With the configuration described above, the signal processing section 3B can make the adjustment of the clarity of the specific sound and the adjustment of the localization of the specific sound. In a case in which the clarity of the specific sound is to be adjusted, it is only required to control each of the gain adjustment sections 718 to 724 such that the clarity of the specific sound of the output signals increases or decreases compared with a case in which the specific sound is not added. For example, in a case in which a sound source of the specific sound such as the vocal or the like of the music content is positioned at the center position, the gains of the signals of the specific sound on the two channels to be added to the C signal in the addition section 713 are increased by the gain adjustment section 720. With this configuration, the signal level of the specific sound of the C signal to be output increases compared with the signal level available before the addition, and hence, the specific sound is emphasized, thereby being able to increase the clarity. Moreover, for example, these gains are reduced by the gain adjustment section 720. With this configuration, the signal level of the specific sound of the C signal to be output decreases compared with the signal level available before the addition, and hence, the specific sound is suppressed, thereby being able to reduce the clarity. That is, as in the first embodiment, the karaoke effect can be achieved. Note that the signal to be adjusted is not limited to the C signal and, for example, in a case in which the sound source of the specific sound does not at the center position, signals may be adjusted according to the sound source direction.

Moreover, in a case in which the localization of the specific sound is to be adjusted, it is only required to control each of the gain adjustment sections 718 to 724 such that the specific sound is localized to a desired position. For example, it is possible to adjust the localization of the specific sound toward the TopFL side by increasing the gains of the signals of the specific sound to be added to the TopFL signal and reducing the gains of the signals of the specific sound to be added to signals on other channels. Note that, in a case in which the adjustment of the clarity and the adjustment of the localization are to be made, the channel the level of the signal of the specific sound on which is increased or reduced is not limited to one channel and may be multiple channels.

In a case in which both the adjustment of the clarity and the adjustment of the localization of the specific sound are to be made, it is only required to appropriately control the gain adjustment sections 718 to 724 in consideration both the clarity and the localization. In a case in which the adjustment of the clarity and the adjustment of the localization of the specific sound are not to be made, it is only required to control each of the gain adjustment sections 718 to 724 such that the signal obtained immediately after the upmixing is directly output.

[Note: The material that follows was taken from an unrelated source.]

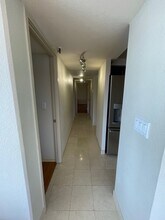2499 Kapiolani Blvd, Unit Iolani Court Plaza in Honolulu, HI - Building Photo - Building Photo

As described above, with the signal processing section 3B, the extraction of the specific sound by the feature extraction section 6B is executed in parallel with the processing performed by the delay processing section 8 and the channel number conversion section 9, and the extracted specific sound is caused to be composed with the signals obtained after the upmixing by the channel number conversion section 9. At this time, the adjustment of the clarity and the adjustment of the localization can be achieved by appropriately applying the gain adjustment to the signals of the specific sound to be composed, thereby being able to create the experience value of the content. Note that the channel configuration may be a configuration other than the conversion from the 2 channels to the 5.0.2 channels. Moreover, also in a case in which the up/down is to be executed, the adjustment of the clarity and the adjustment of the localization can similarly be made.

Moreover, when the processing for the upmixing is executed, the clarity of sound such as voice normally decreases, but it is possible to prevent the user from sensing the decrease in clarity, by increasing the clarity as described above.

1-5. Third Configuration Example of Signal Processing Section

FIG. 9 illustrates a configuration example of the signal processing section 3 (denoted as a signal processing section 3C in FIG. 9) in a case in which the input signals are multi-channel signals. As illustrated in FIG. 9, the signal processing section 3C inputs 5.0.2-channel signals as the input signals and outputs 5.0.2-channel signals as the output signals.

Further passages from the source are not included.